During the 1800s, colored became the kinder word. Later, negro and colored became acceptable. During

the civil rights movement, some appointed leaders of African descent chose the titles Black and Afro-American as they made the previously mentioned terms politically incorrect. The term Afro-American stuck from the 1970s and 1980s until afros faded away; until the afros resurgence that came during the 1990s hip-hop influence of the hair style. After Afro-American went away, the title Black stayed around and hasn’t left since. Now ‘African-American’ is becoming more and more popular as some people fight to hold on to the title of ‘Black’.

Some people of African descent outside of Africa are offended by any connection with Africa and some Africans born in Africa are offended by any connections to people of African descent that were historically forced to migrate to other countries. Will people of African descent in America and in other places outside of Africa all call themselves African one day? Scary thought for some people. Scary for the enemy that is; and the enemy is those forces that oppose our peoples unity and organization. The enemy could be white, black or African.

Black is a color of the spectrum , which occurs when all colors in the spectrum are mixed and it does not pertain to a race of people. People are connected with cultures and races, not colors. My shoes are black. I am an African born in America. African-American is a link to ownership of land and present location. Even though the slave traders stole Africans, bought them or murdered them and raped them and their home land for resources; some Africans in other countries still have a connection with the place where they were intentionally disconnected from. All other races of people can use the place of their origin with the ‘hyphenated American’ at the end, but when people of African descent do the same thing there is a problem.

Chinese say “Chinese-American” with no problem. Mexicans say “Mexican-American” with no problem. Any other race says the same thing, but when an African-American tries to relate to his or her home land, the racist show who they are and they have a problem with the African-American attempting to link with his or her history or culture. What this shows me is that those particular people are satisfied that they have disconnected Africans from their culture world wide or they would not get so upset when Africans abroad call themselves what they are and that term is African. I have heard the oppressors ask stupid questions like, what tribe are you from? As if one isn’t from Africa if he or she doesn’t know the name of the tribe that his or her ancestors were stolen from.

This is a separation tactic. I will make a poor attempt at paraphrasing a Malcolm X statement here by telling you that if you were on earth and put some biscuits ingredients together and placed the mixture in the oven and cooked the biscuits and then took them out of the oven they would be called biscuits? Of course they would be called biscuits. If you made biscuits the exact same way and cooked them in the same stove on the moon, would those biscuits be called puppies? No, they would still be called biscuits.

This common sense statement works for people as well.
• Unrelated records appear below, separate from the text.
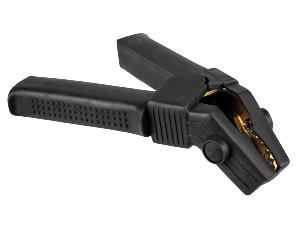 Pince pour batterie profi noir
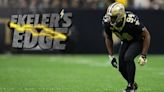 Ekeler’s Edge: Cameron Jordan, Chargers/Raiders preview & Ask Austin questions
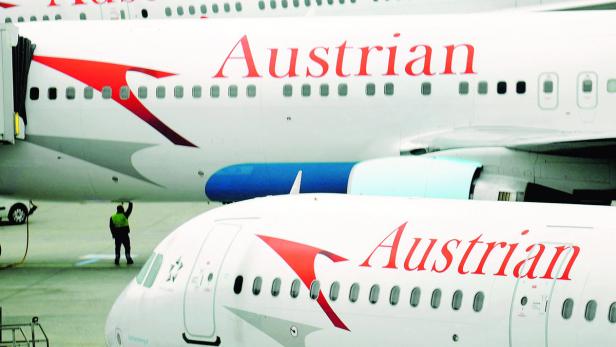 Die Austrian Airlines und der ganze Lufthansa-Konzern wollen GDS-Anbieter umgehen.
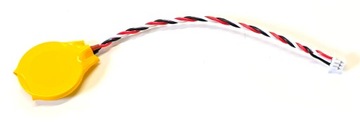 CMOS БАТАРЕЯ BIOS CR2032 3V HP ACER DELL 3-PIN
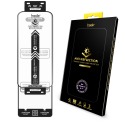 hoda iPhone 15 Pro Max 14 13 12 11 滿版9H鋼化玻璃保護貼-規格圖9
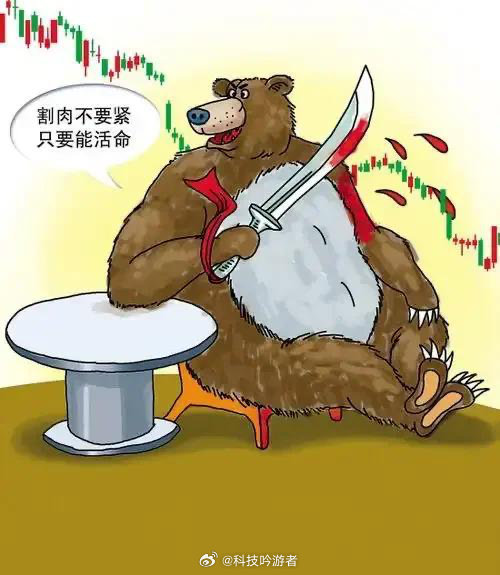 央行发布最受居民偏爱投资方式  别惊讶股市只排在第三位！股市排名第三背后是血泪史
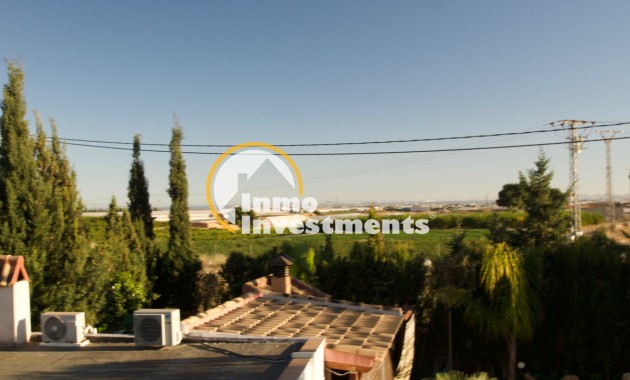 Reventa - Finca - Sucina - Sucina - Campo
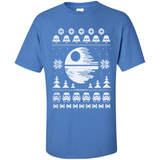 Star War Ugly Christmas 2018 - Shirt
If two Africans have sex in Africa or America, these children will be Africans regardless of where they were born. They won’t be Native Americans, nor Europeans no matter how hard they try. The people are forced to be African no matter what they say because that is what the creator made them. Conscious people in America like to be labeled as African Americans or simply Africans. The unconscious people like to be called black, a combination of the rainbow.